# Welche Variostütze passt?



## greenhorn-biker (19. April 2014)

Hallo Ladies 
spiele zur Zeit mit dem Gedanken mir eine Variostütze zu zulegen 

Das Problem ist, dass meine Maße recht speziell sind, da der Rahmen recht groß ist (erstes Bike und noch keine Ahnung beim kaufen gehabt ) und dementsprechend die Sattelstütze nur 160 mm ausgezogen ist. Nächstes Problem ist, dass die Stütze nur 270 mm versenkt werden kann, obwohl das Sattelrohr kerzengerade ist  (könnte es vllt an den Schrauben vom Flaschenhalter liegen??). Was den Durchmesser von der Sattelstütze betrifft, bin ich auch etwas verwirrt weil auf der Stütze 29,8mm steht, ich dachte Standard wäre 30,2mm ?
Wieviel Millimeter muss ich denn etwa für die Überwurfmutter (nennt man das so??) von meinen 160mm Verstellweg abziehen?

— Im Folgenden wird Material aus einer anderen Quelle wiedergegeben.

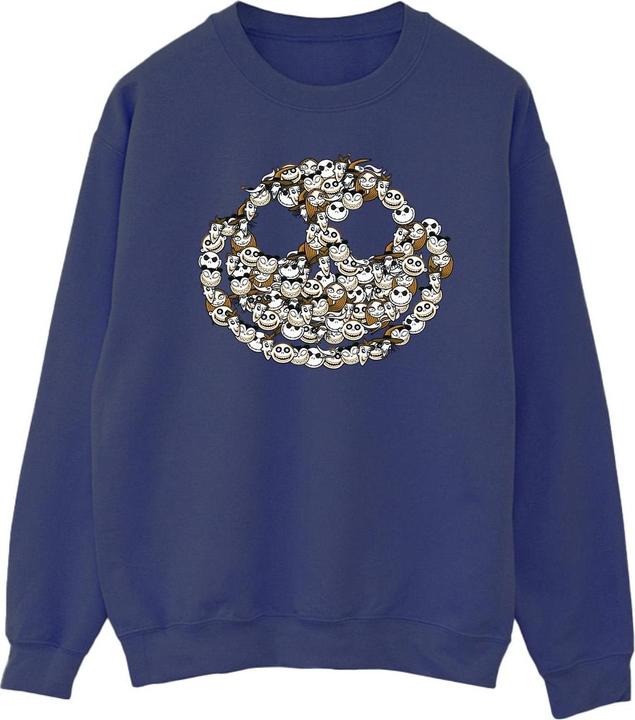 Produktbild The Nightmare Before Christmas Sweatshirt (4XL)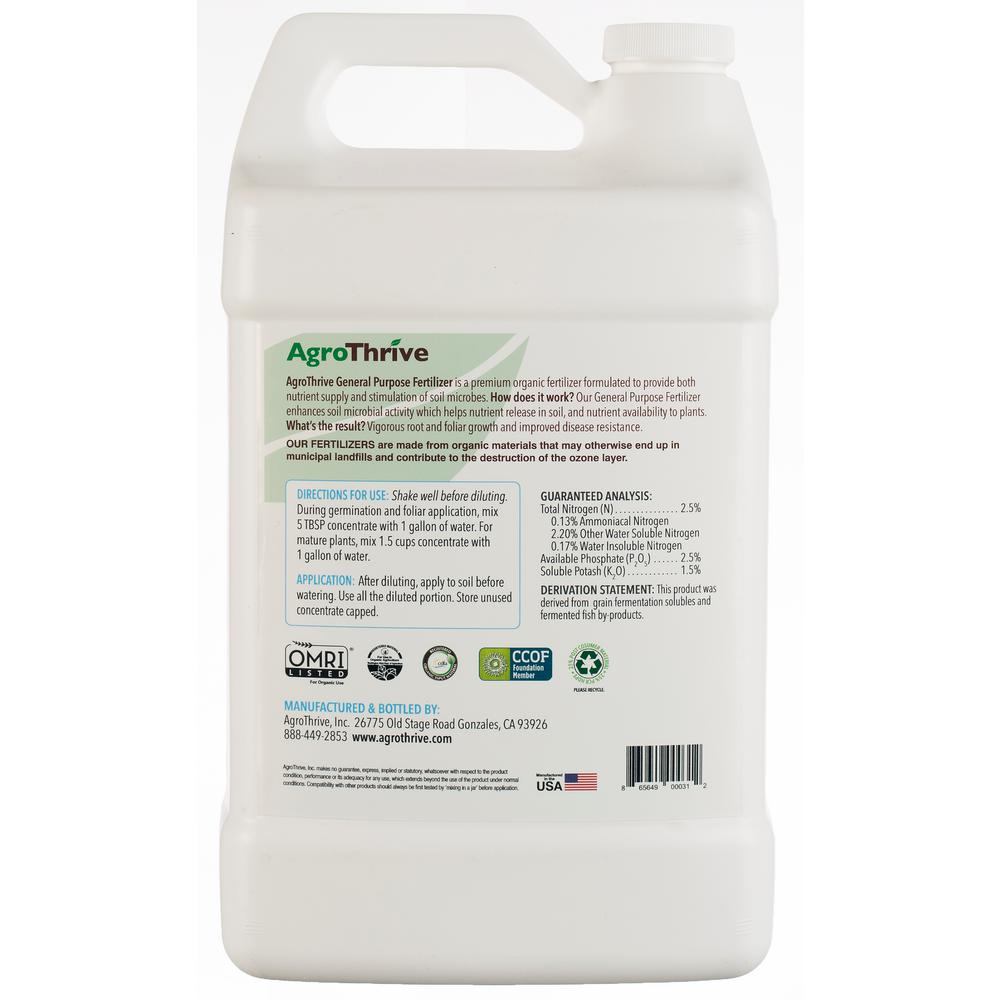 30 The Label On A Bottle Of Organic Liquid Fertilizer Labels Design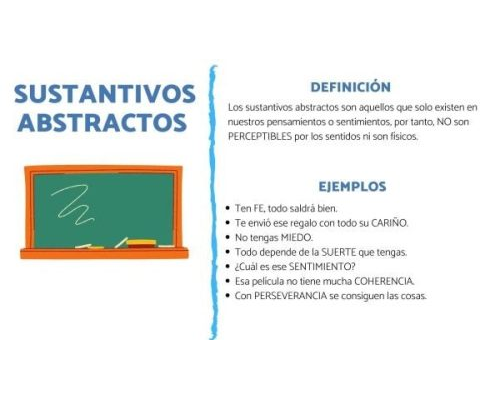 Sustantivos concretos 3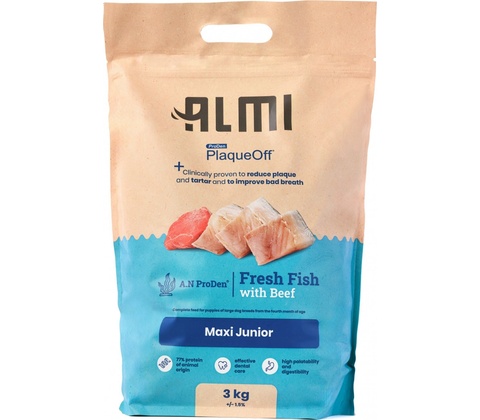 Almi Maxi Junior 3 kg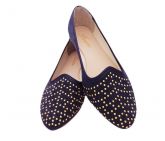 Sapatilha Feminina Ficare Azul Marinho
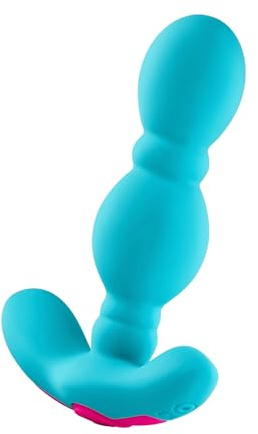 Vibrador Anal Negro FemmeFunn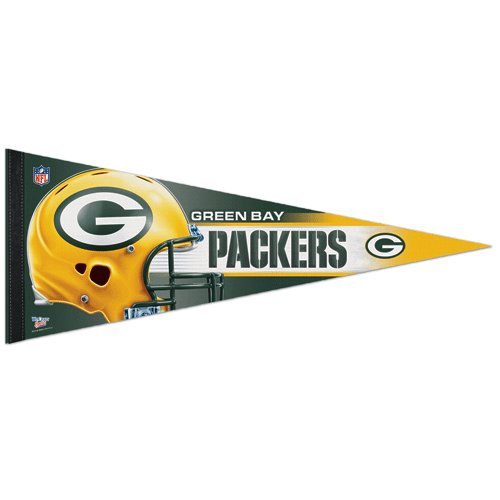 Green Bay Packers 12x30 Premium Pennant
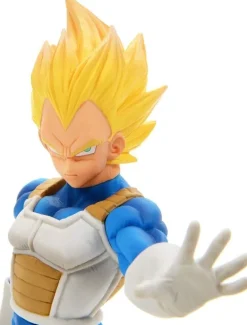 Banpresto Dragon Ball Z Absolute Perfection Vegeta Figure JAPAN OFFICIAL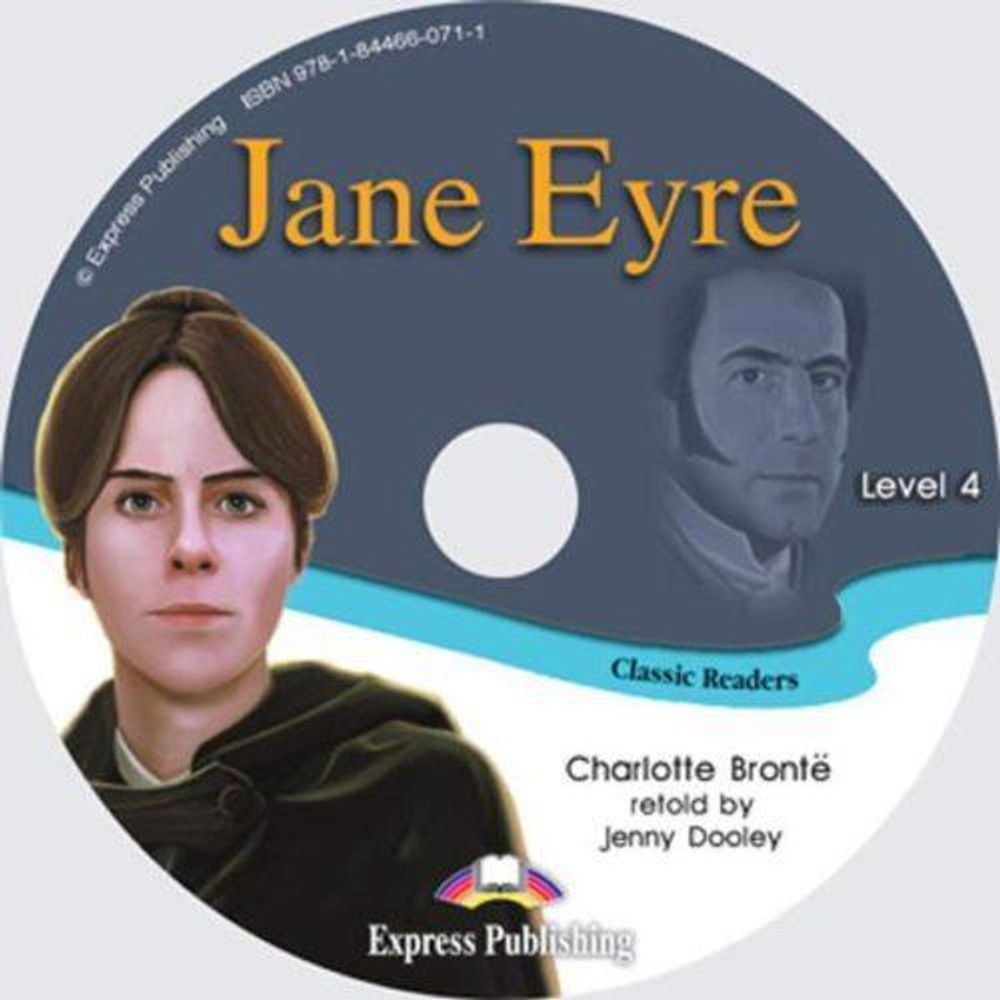 Jane Eyre. Intermediate (8-9 класс). Audio CD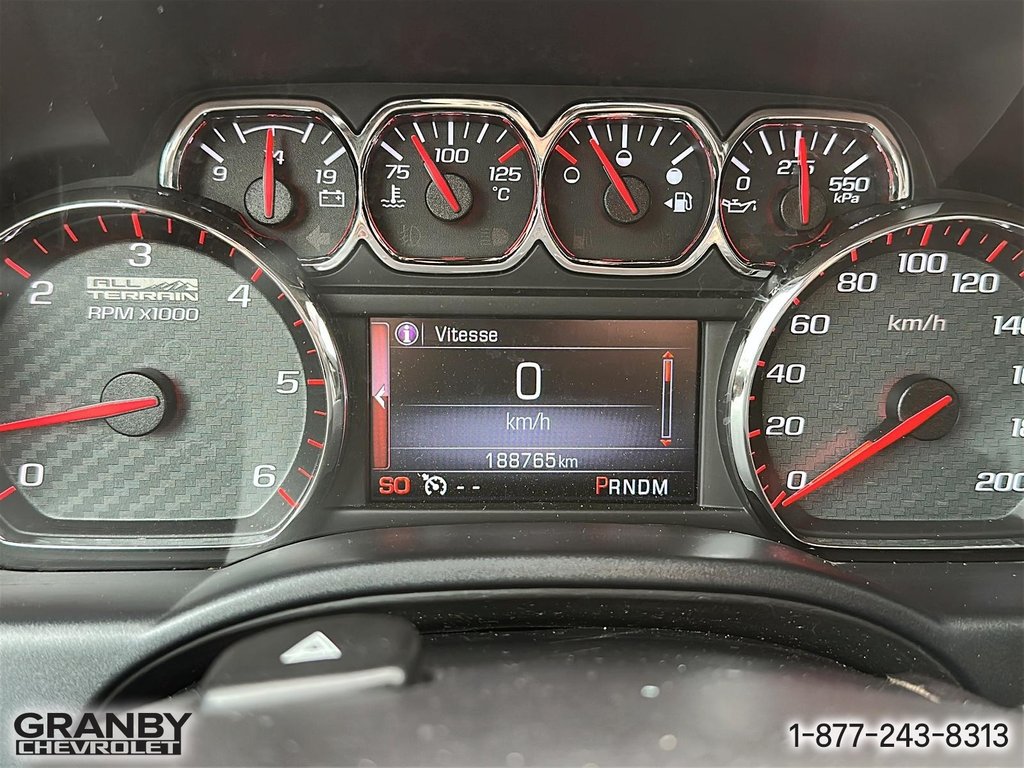 GMC Sierra 1500 SLE CREWCAB BOITE 6.6 2016 à Granby, Québec - 15 - w1024h768px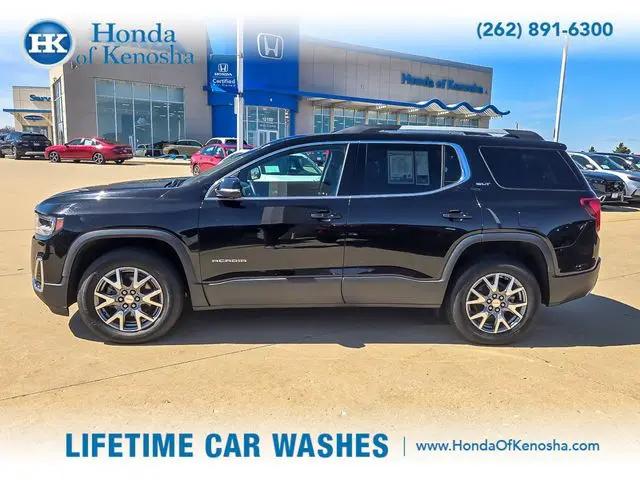 2023 GMC Acadia AWD SLT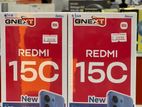 Xiaomi Redmi 15C 4GB 128GB (Brand New)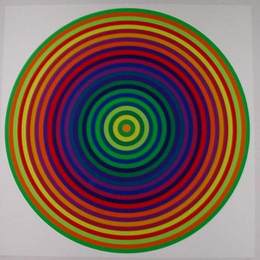 朱力奥·列帕尔珂(Julio Le Parc)高清作品:Composition S -14 - 4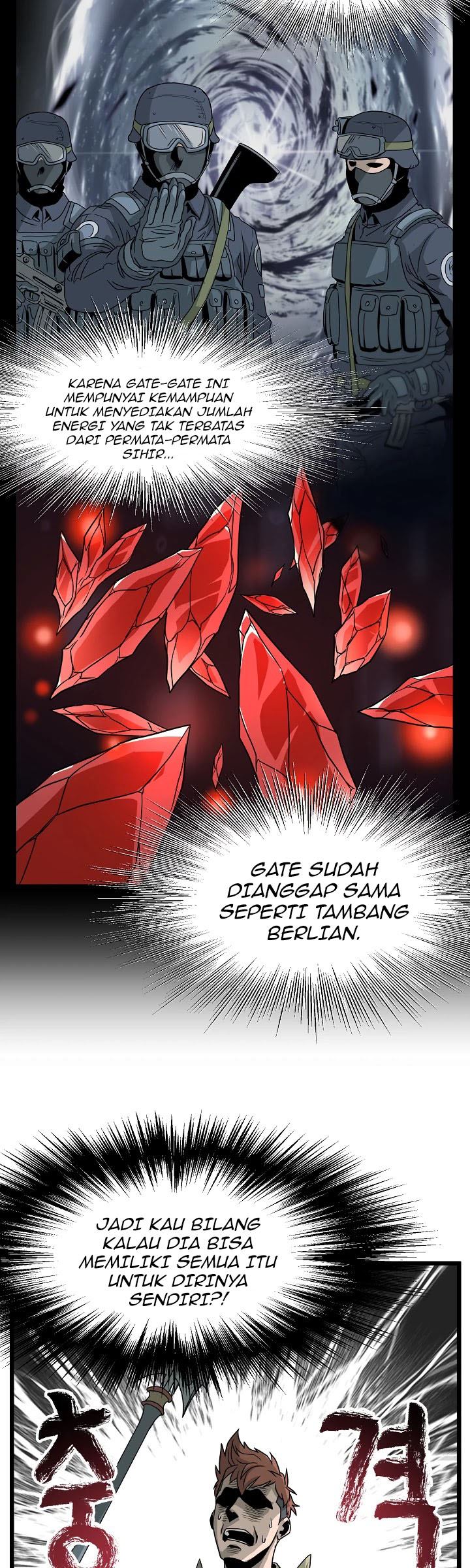 Murim Login Chapter 45 Gambar 44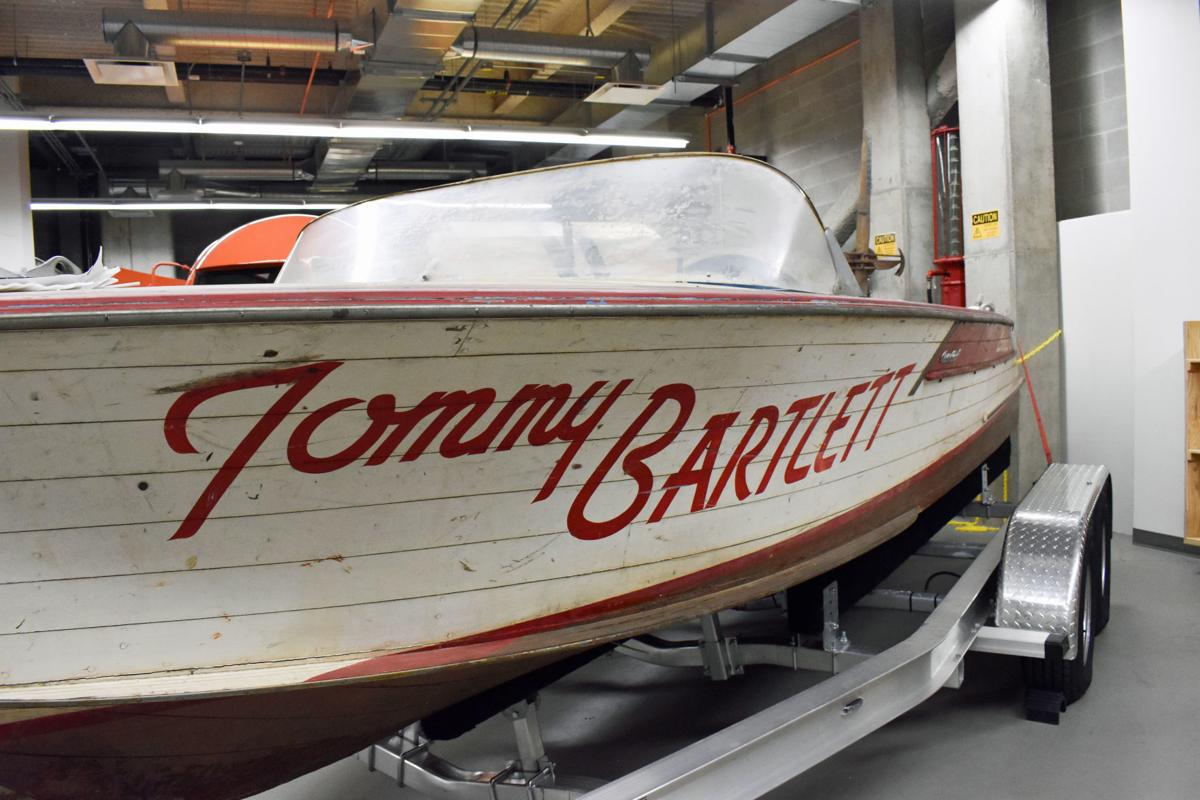 Wisconsin Historical Society offers a new home for classic Tommy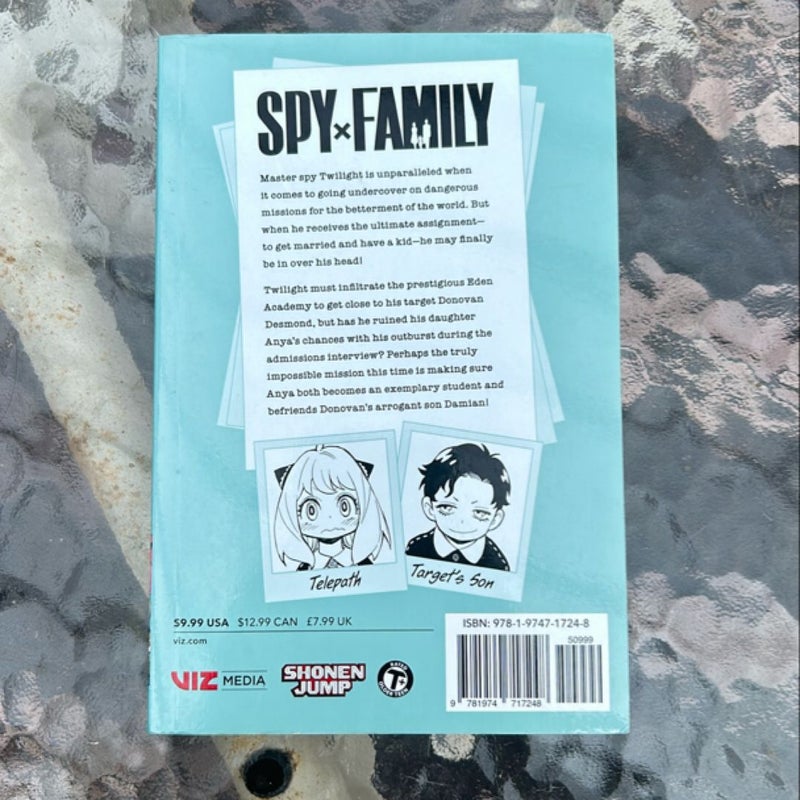 Spy X Family, Vol. 2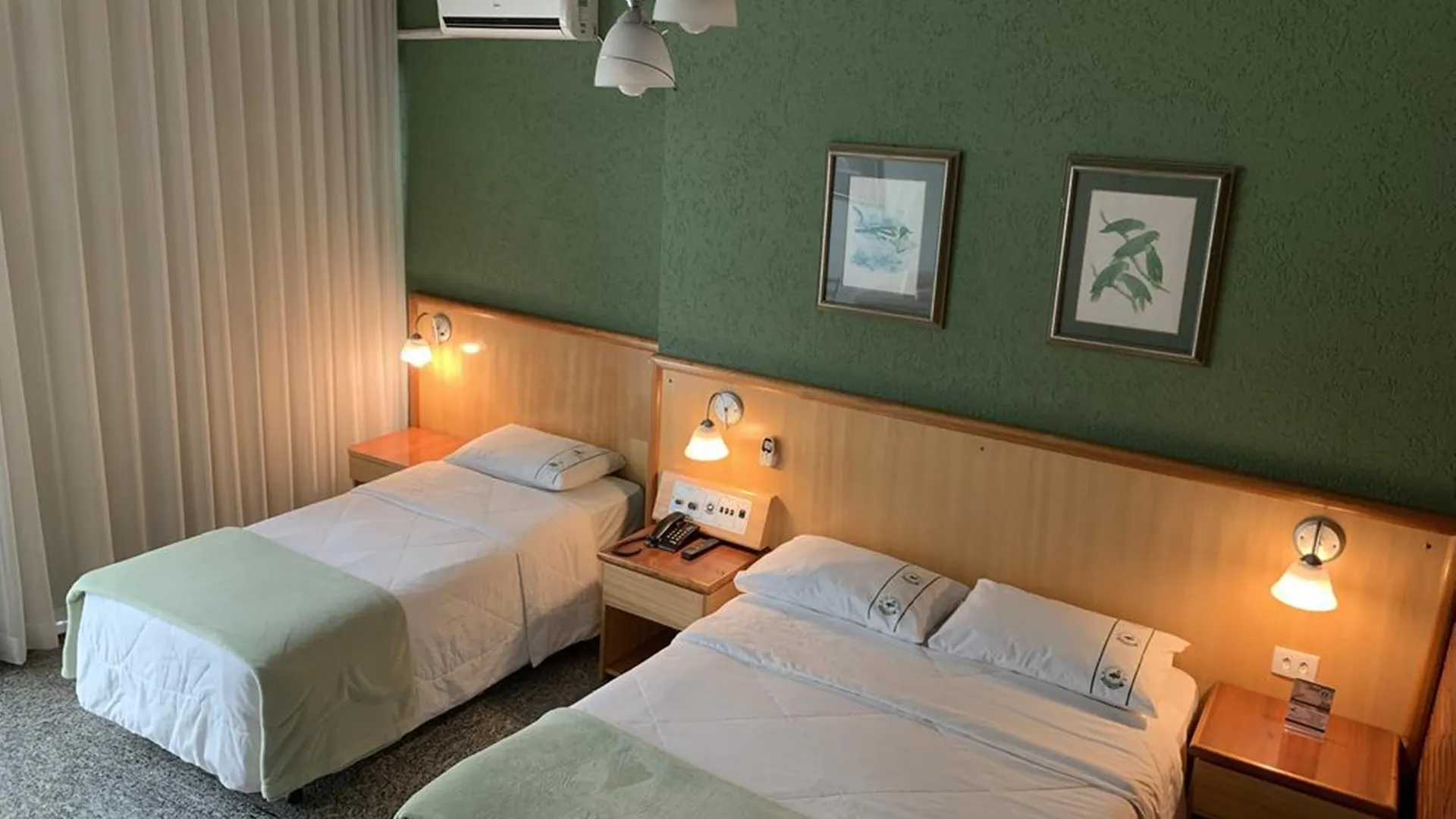 Residencial Pantanal Chácara Klabin Hotel São Paulo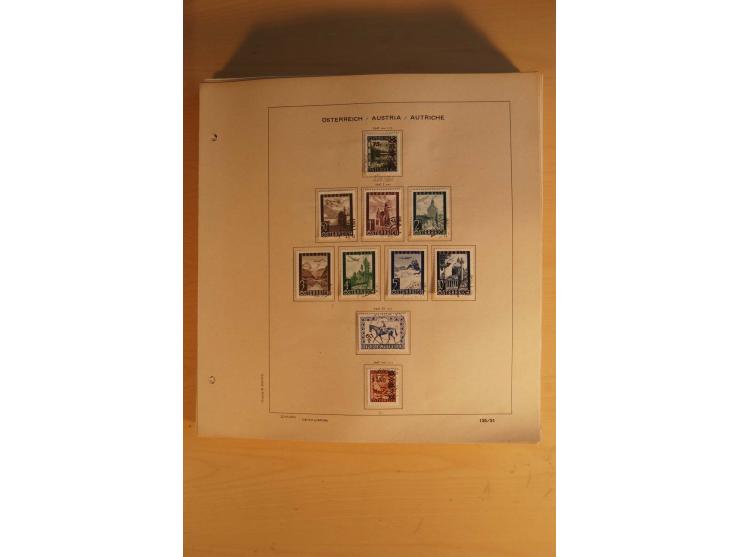 1850/2008, postfrische, ungebrauchte und gestempelte Sammlung, teils in beiden Erhaltungen gesammelt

Nach meinen Recherchen scheint die Kind Shock Drobzone 300mm/75mm die kürzeste Stütze zu sein, aber lohnt sich bei diesem kleinen Verstellweg eine Variostütze noch??

Da ich nicht zuviel in mein "billig-Hardtail" investieren möchte, würde ich mir gern eine gebrauchte zulegen, macht so etwas Sinn? Auf einen Remotehebel könnte ich auch verzichten...

Ich wünsche euch Frohe Ostern und hoffe ihr habt besseres Wetter als ich hier 

Grüße vom greenhorn


----------



## mw.dd (19. April 2014)

Auch wenn ich wieder nicht weiß, warum das ein Thema speziell für "Ladies" ist...

Variostützen sind mir nur in 27,2 30,9 und 31,6 bekannt. Daher kommt für Dich nur eine mit 27,2 + Adapter in Frage.
Da ist die Auswahl allerdings nicht so groß; wenn es günstig sein soll, dann die Forca. 160mm Auszug sollten reichen... Machst Du mal bitte ein Foto (Handy reicht), wie Du die 160mm gemessen hast?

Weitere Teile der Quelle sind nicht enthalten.